■ WORK TASK
Starting at the line holding "WoodWick Geurkaars Ellipse" and finishing at the line holding "Illustration af væg, der pudses op", transcribe the material exactly, keeping both ends but no pictures.

■ EXTRACTED ENTRIES
_ _ _

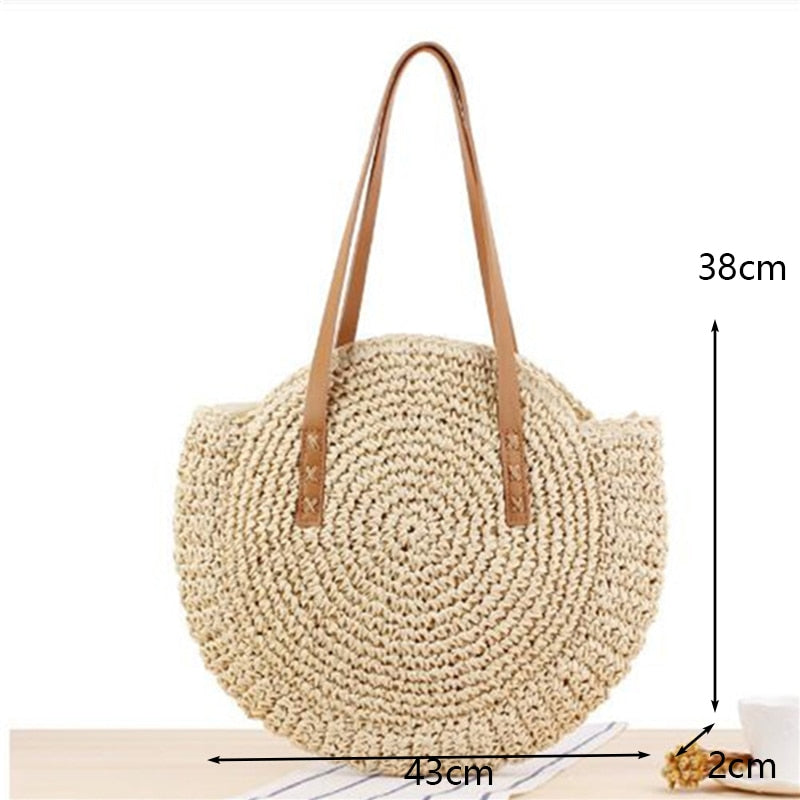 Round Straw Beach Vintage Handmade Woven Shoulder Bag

_ _ _

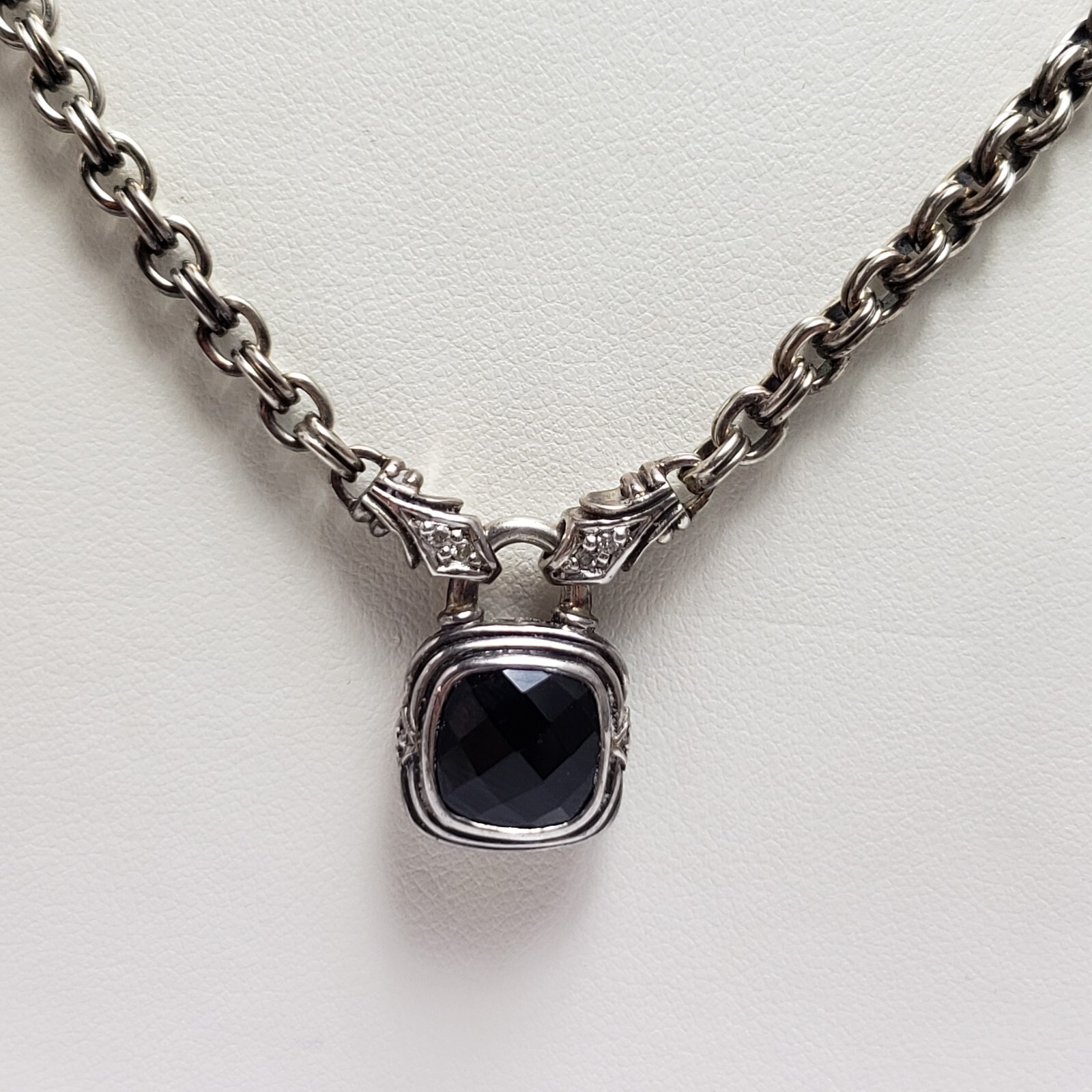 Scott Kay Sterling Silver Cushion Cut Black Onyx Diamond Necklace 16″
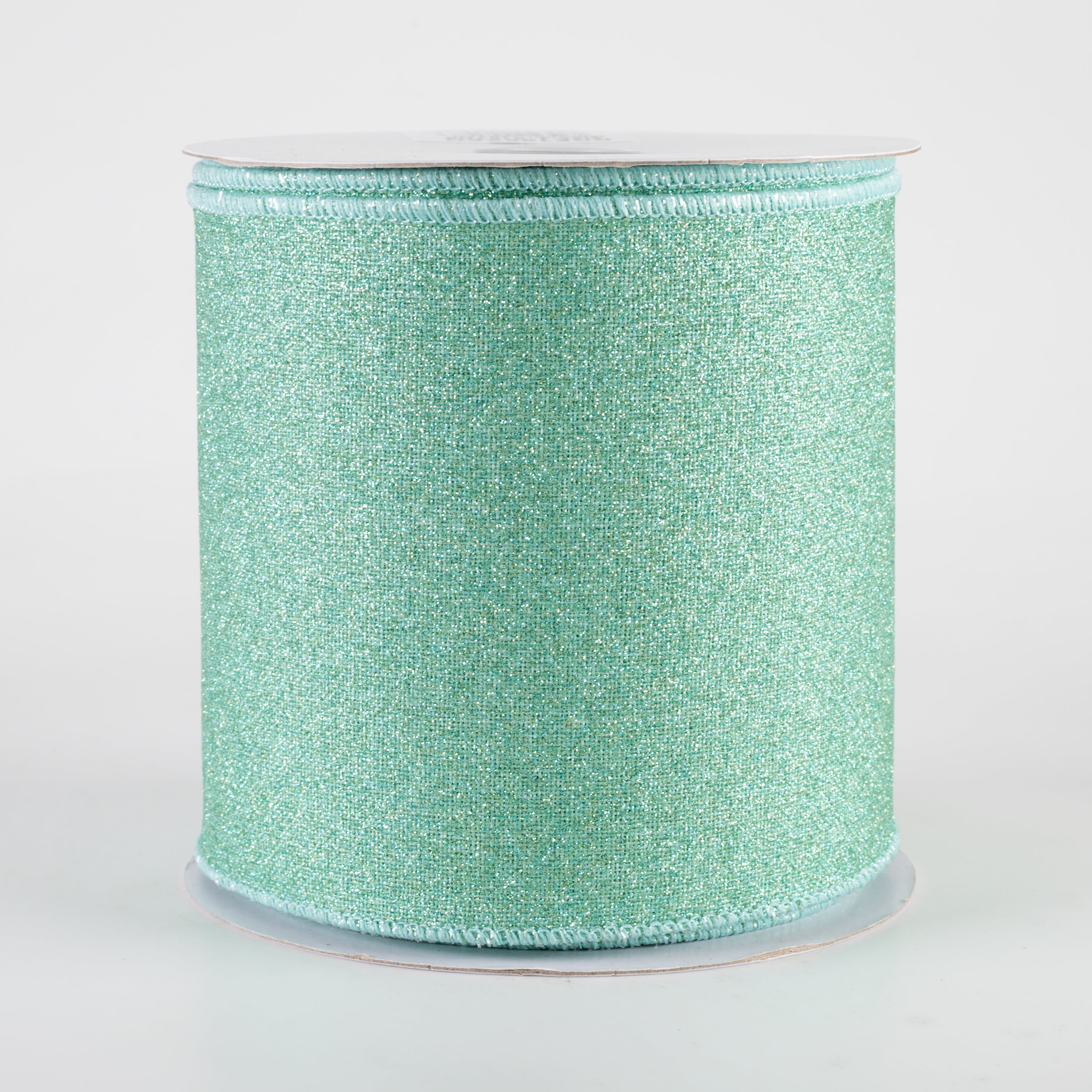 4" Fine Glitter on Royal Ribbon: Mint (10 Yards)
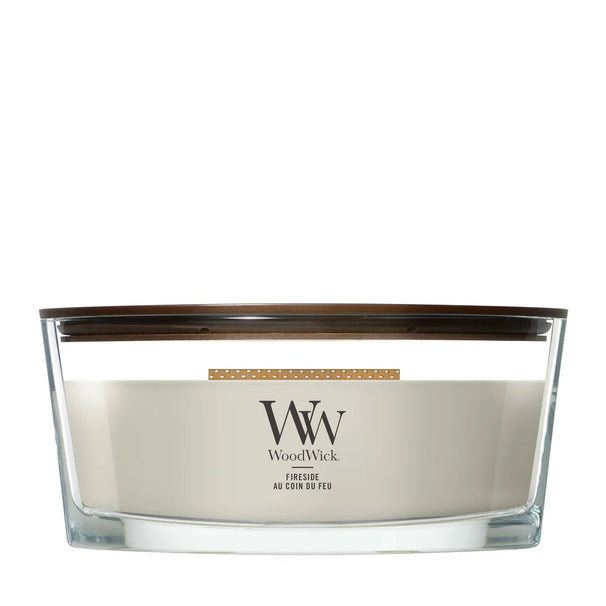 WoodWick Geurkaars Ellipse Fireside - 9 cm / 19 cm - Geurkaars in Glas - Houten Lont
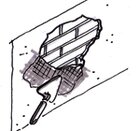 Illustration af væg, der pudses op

_ _ _

■ EXERCISE ANSWER
 WoodWick Geurkaars Ellipse Fireside - 9 cm / 19 cm - Geurkaars in Glas - Houten Lont
 Illustration af væg, der pudses op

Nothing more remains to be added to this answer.